____ Extracted material

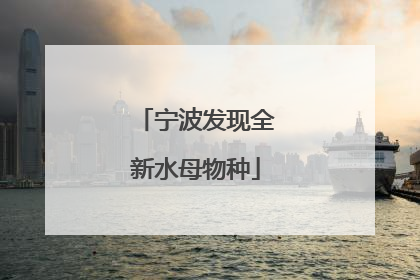 宁波发现全新水母物种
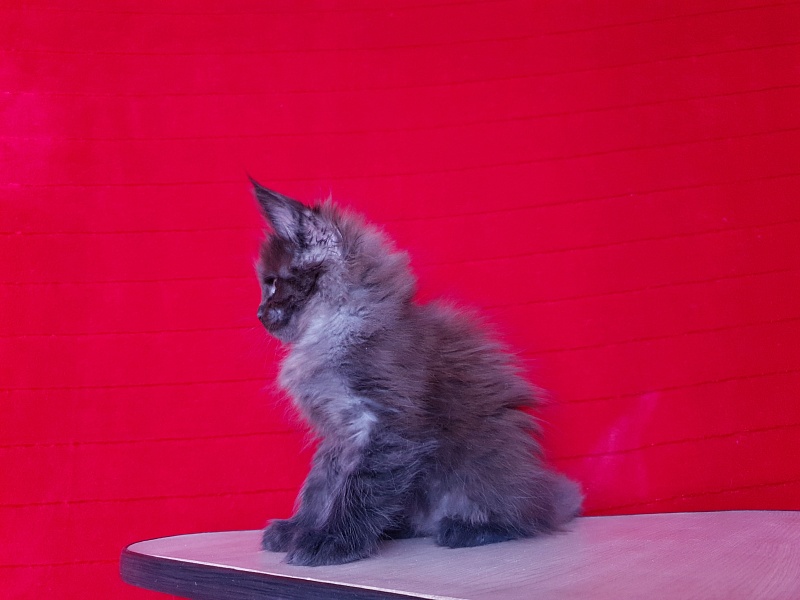 Evil Akbars - Kitten maine-coon 1 month 4 weeks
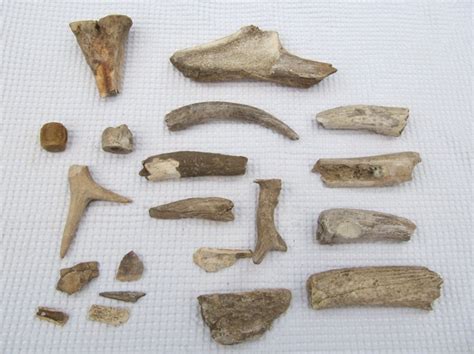 20 bone and antler Neolithic / Ice Age artifacts (20) - Catawiki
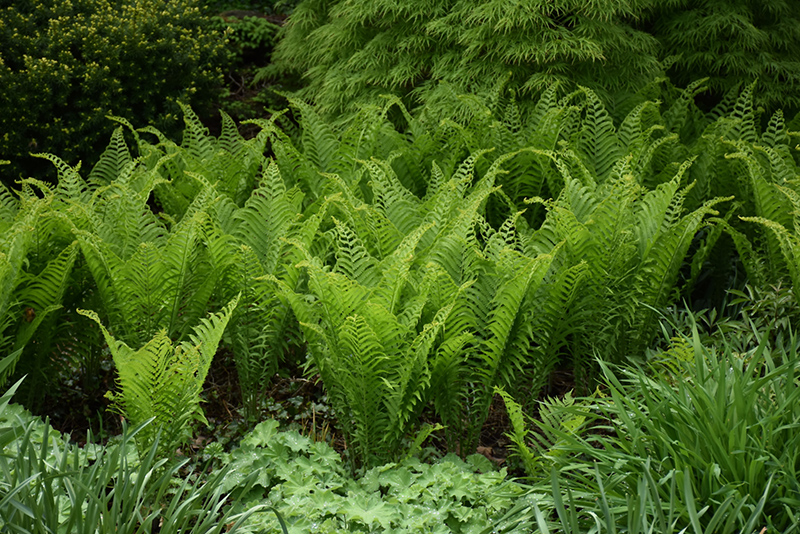 Ostrich Fern (Matteuccia struthiopteris) at Ray Wiegand's Nursery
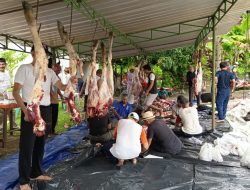Jemaah Masjid Al-Muqorobin Sembelih 9 Ekor Hewan Kurban, Wujud Kepedulian dan Kebersamaan Warga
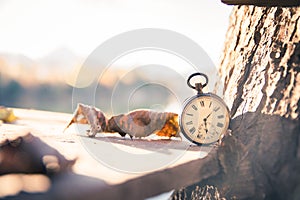 Time goes by: vintage watch outdoors; wood and leaves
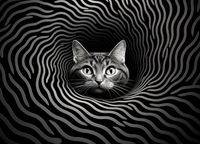 product-compare-59388477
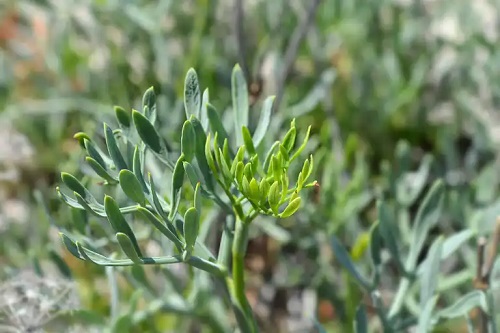 Feniculul de mare verde în grădină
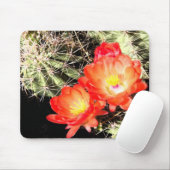 Blooming Cactus bij nacht Muismat (Met muis)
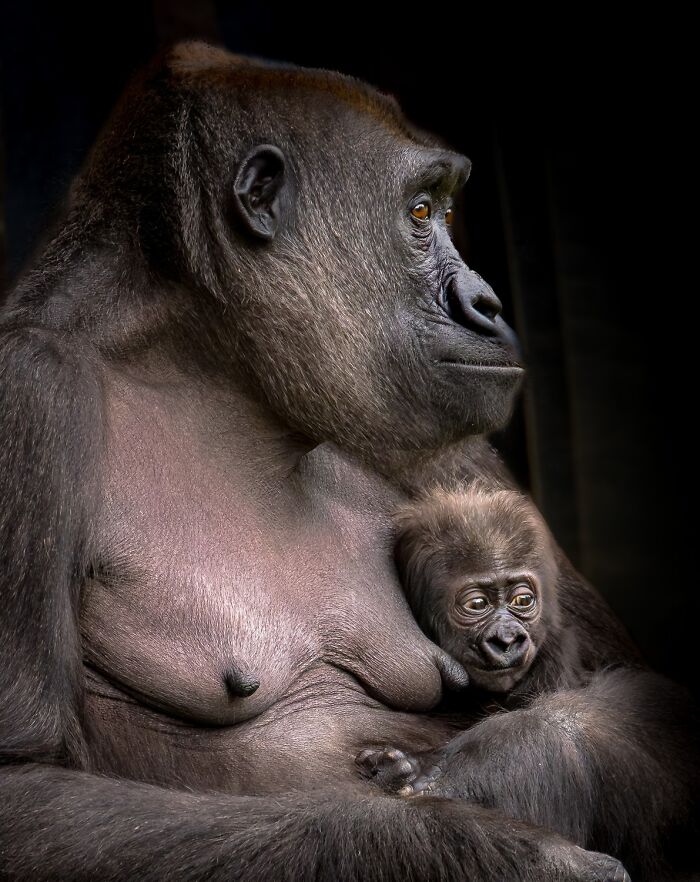 1839 Photography Awards: 22 Winning Animal Shots Worth Seeing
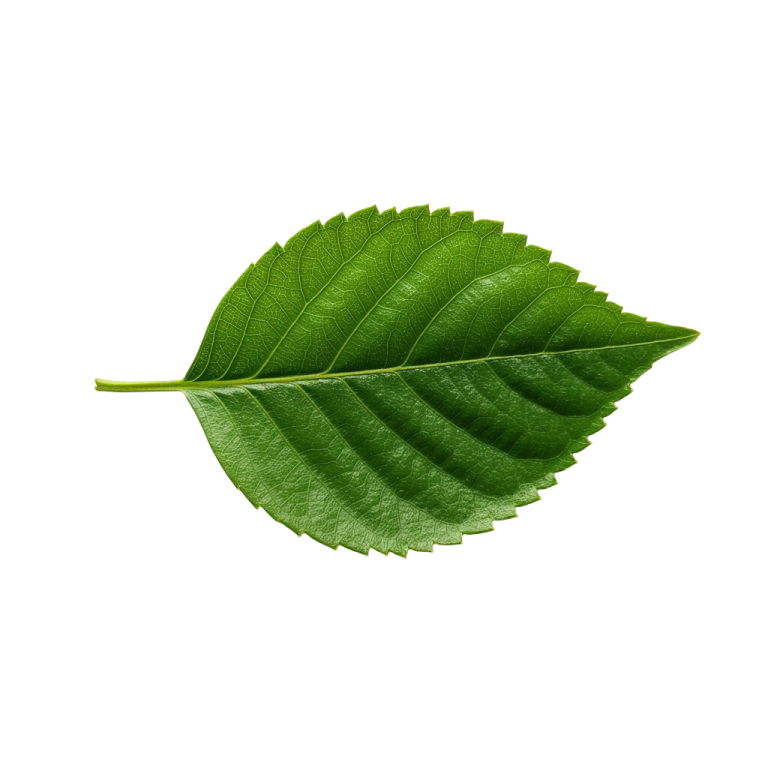 Leaf Png Image 3
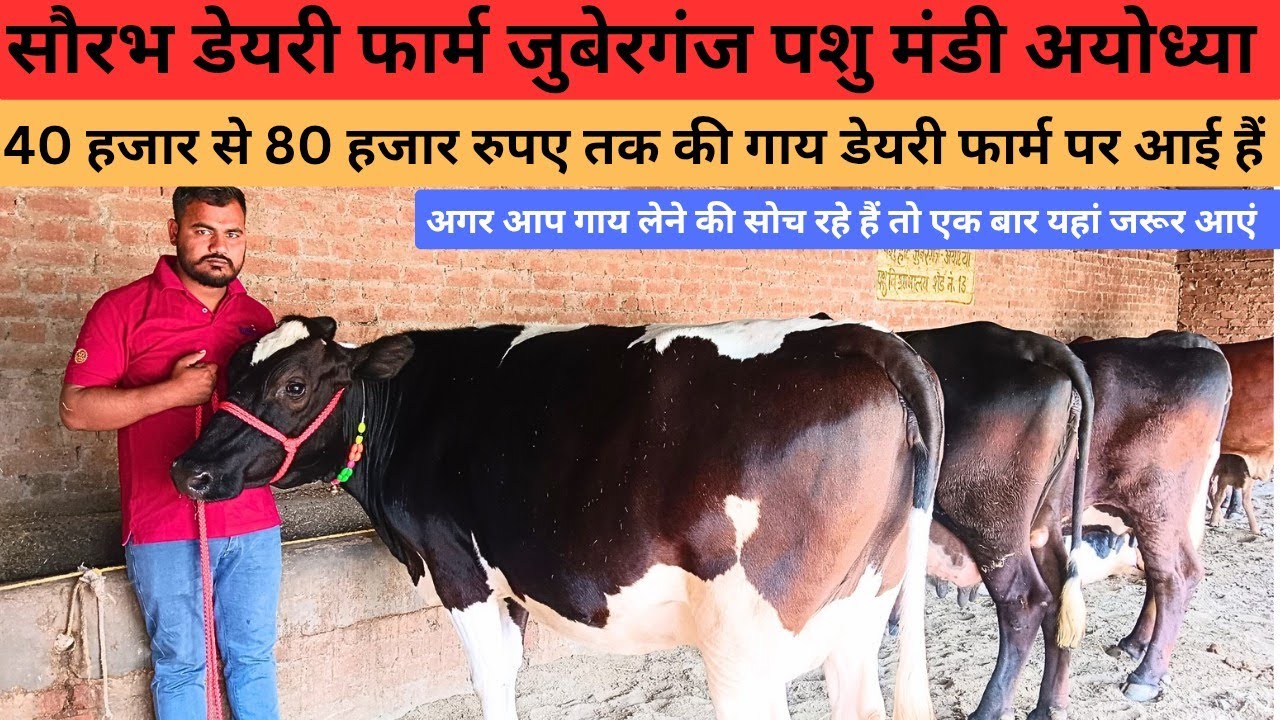 बहुत बड़ा लॉट आया डेयरी फार्म पर,Saurabh Yadav Dairy Farm sohawal ayodhya up।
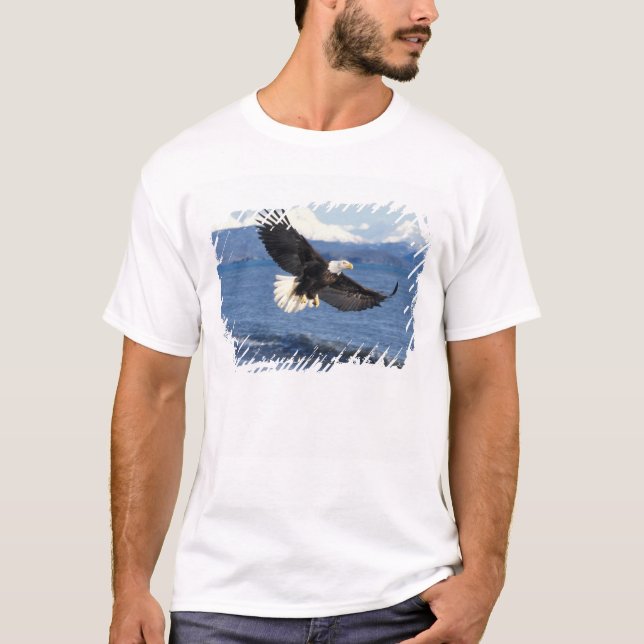 havsörn, Haliaeetus leuccocephalus, under flykt Tee (Framsida)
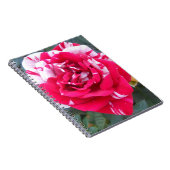 Anicia Notitieboek (Rechterzijde)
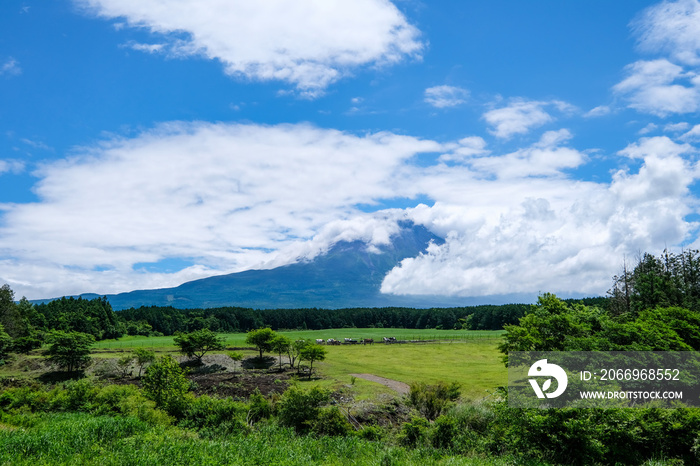 キャンプ場からの富士山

________

> What the task requires
All of the records above are to be written out exactly, minus their images.

> Task result
 宁波发现全新水母物种
 Evil Akbars - Kitten maine-coon 1 month 4 weeks
 20 bone and antler Neolithic / Ice Age artifacts (20) - Catawiki
 Ostrich Fern (Matteuccia struthiopteris) at Ray Wiegand's Nursery
Jemaah Masjid Al-Muqorobin Sembelih 9 Ekor Hewan Kurban, Wujud Kepedulian dan Kebersamaan Warga
 Time goes by: vintage watch outdoors; wood and leaves
 product-compare-59388477
 Feniculul de mare verde în grădină
 Blooming Cactus bij nacht Muismat (Met muis)
 1839 Photography Awards: 22 Winning Animal Shots Worth Seeing
 Leaf Png Image 3
 बहुत बड़ा लॉट आया डेयरी फार्म पर,Saurabh Yadav Dairy Farm sohawal ayodhya up।
 havsörn, Haliaeetus leuccocephalus, under flykt Tee (Framsida)
 Anicia Notitieboek (Rechterzijde)
 キャンプ場からの富士山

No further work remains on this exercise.